Multimodal Large Models-Driven Precise Perception in Complex Low-Altitude UAV Environments: A Survey on Adaptive Edge Intelligence and Swarm Collaboration

Abstract

Unmanned aerial vehicles (UAVs) equipped with long-endurance remote sensing capabilities have revolutionized applications in economic development, national defense, emergency response, and disaster monitoring. However, traditional centralized processing paradigms suffer from high latency, resource inefficiency, and poor adaptability to dynamic low-altitude environments.

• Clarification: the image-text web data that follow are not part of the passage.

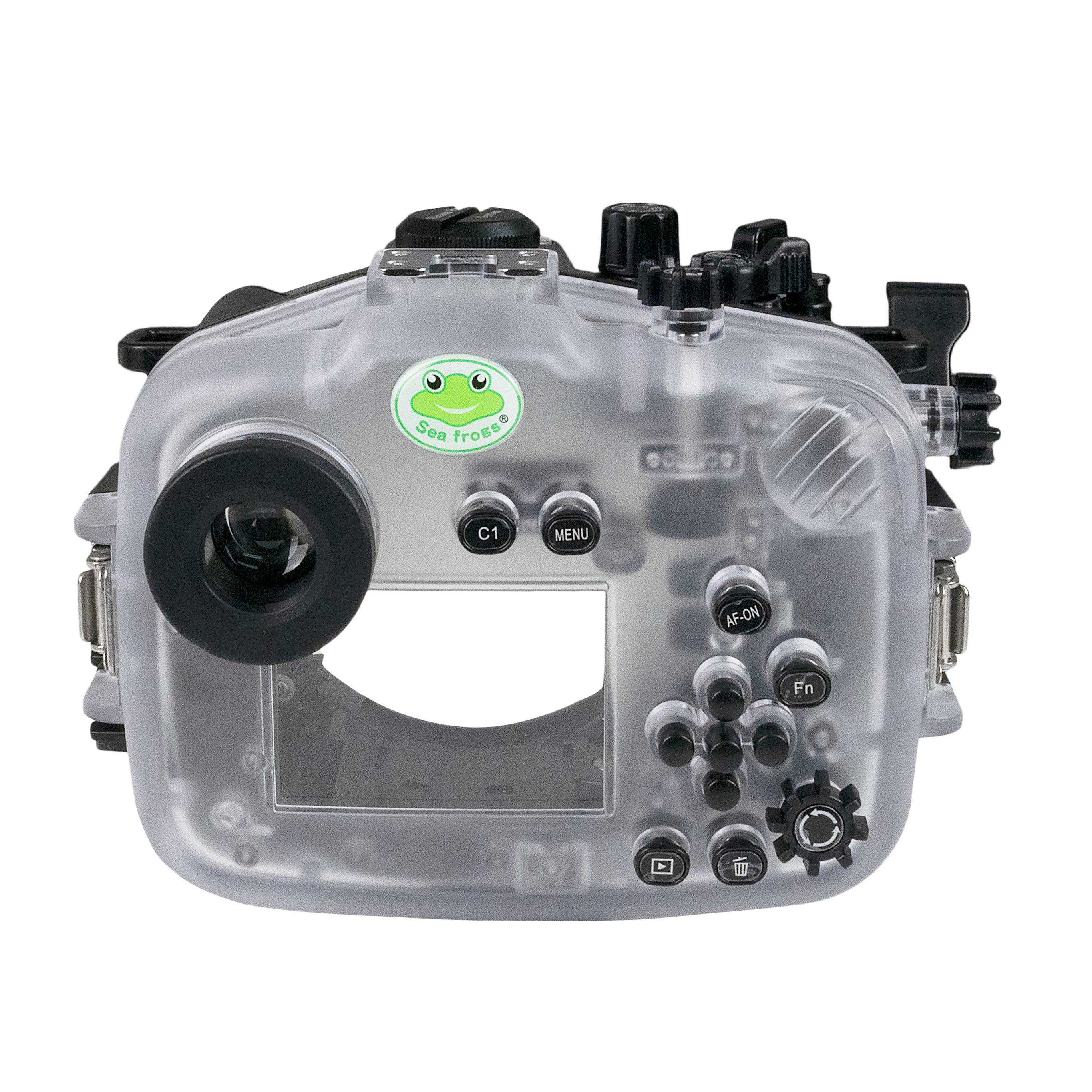 Sea Frogs 40M/130FT Underwater Housing for Sony A7C II & A7CR with 6 Optical Glass Flat Long Port - Compatible with Sony FE 24-70mm F2.8 GM II Lens (Includes Zoom Gear) - Perfect for Scuba Diving, Snorkeling & Underwater Photography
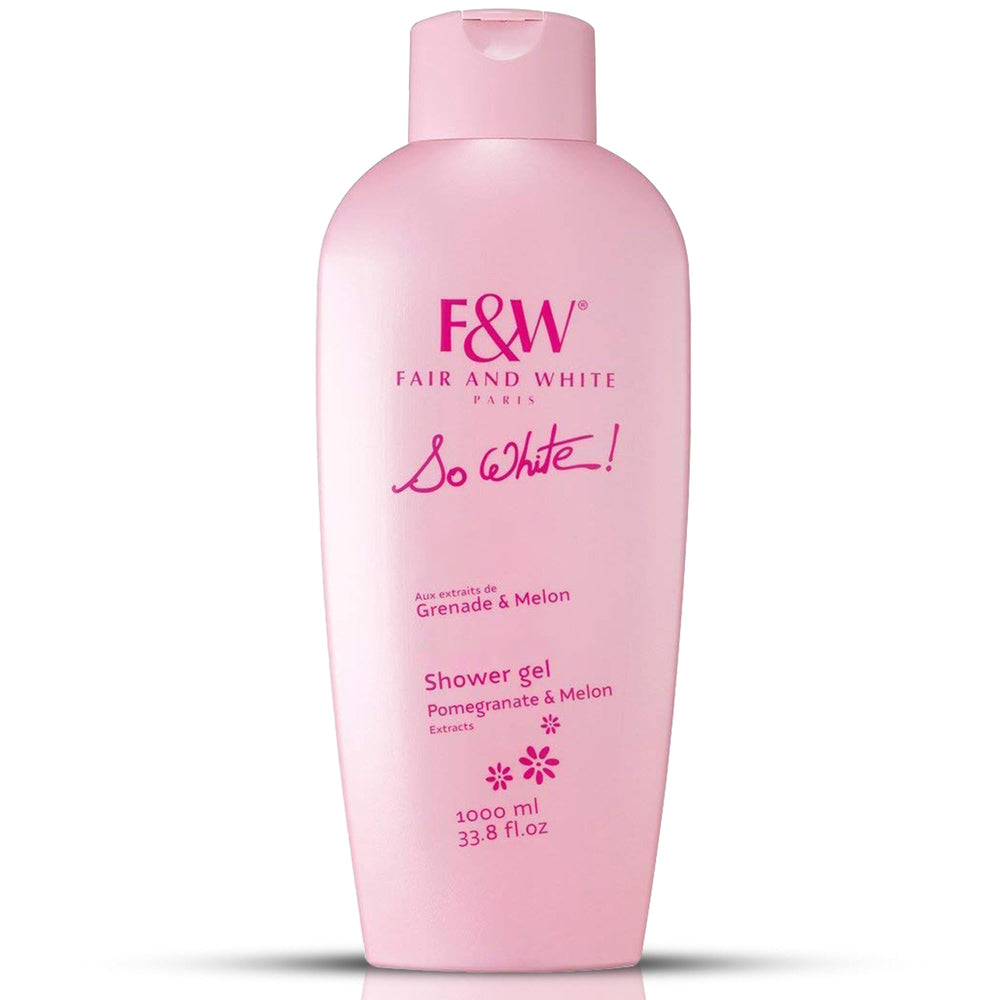 FAIR & WHITE So White, botella-vertido, ducha refrescante e hidratante.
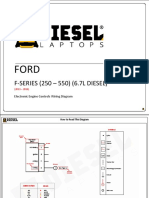 F-SERIES (250 - 550) (6.7L DIESEL) : Electronic Engine Controls Wiring Diagram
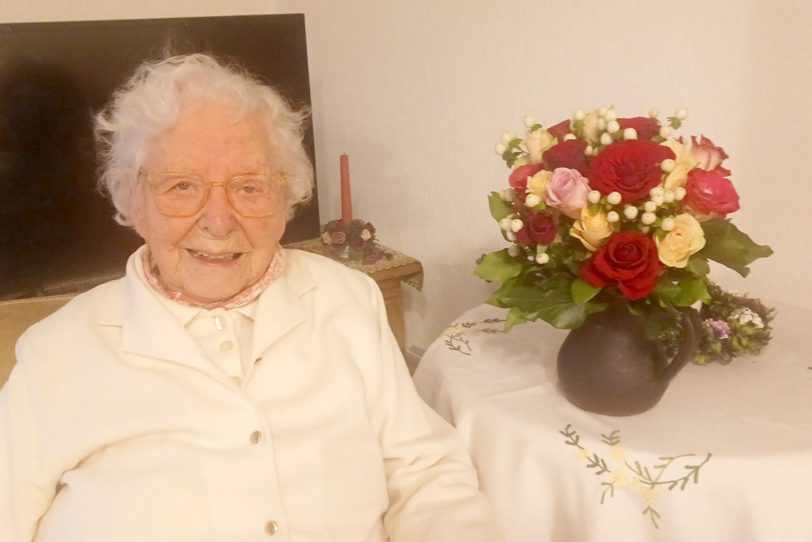 Charlotte Stachowitz feierte im Kreise von einigen Verwandten ihren 103. Geburtstag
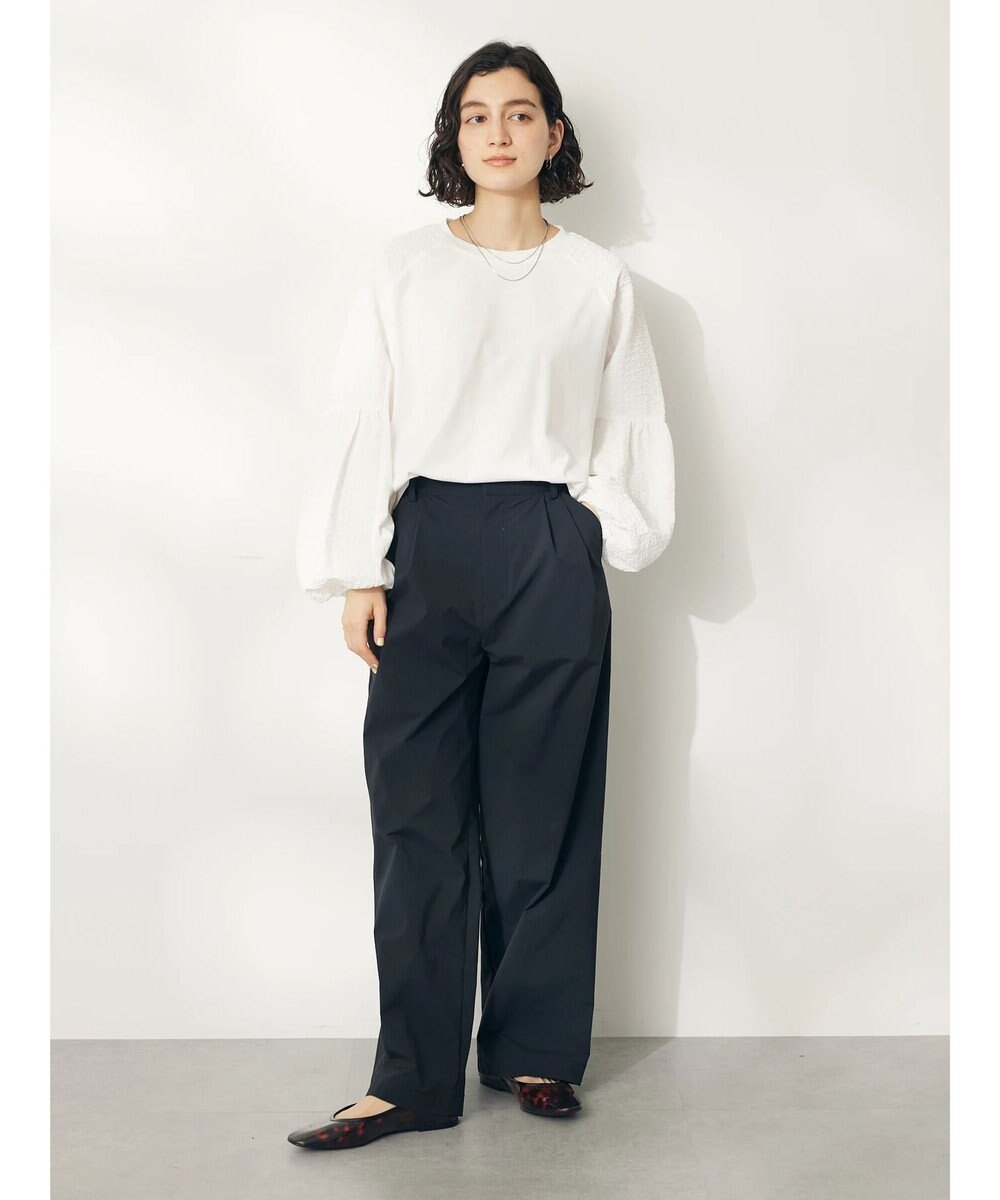 CRAFT STANDARD BOUTIQUE 袖切り替えデザインプルオーバー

This survey reviews advancements in multimodal large models (MLMs) for precise detection and perception in complex low-altitude scenarios, emphasizing three core challenges: enhancing intelligent terminal perception for adaptive learning, bolstering multi-UAV collaborative coverage through federated evolution, and achieving high-fidelity 3D perception via multimodal fusion. We synthesize recent developments in self-evolving online learning frameworks, asynchronous distributed federated optimization, and Transformer-based MLMs tailored for heterogeneous sensor data (e.g., LiDAR and multi-view cameras). Key contributions include a taxonomy of adaptive algorithms mitigating catastrophic forgetting and data heterogeneity, alongside benchmarks for edge deployment in resource-constrained UAV systems. By highlighting gaps in unsupervised multimodal alignment and real-time scalability, this work outlines future directions toward autonomous, resilient UAV swarms, fostering innovations in edge intelligence for spatial information technologies.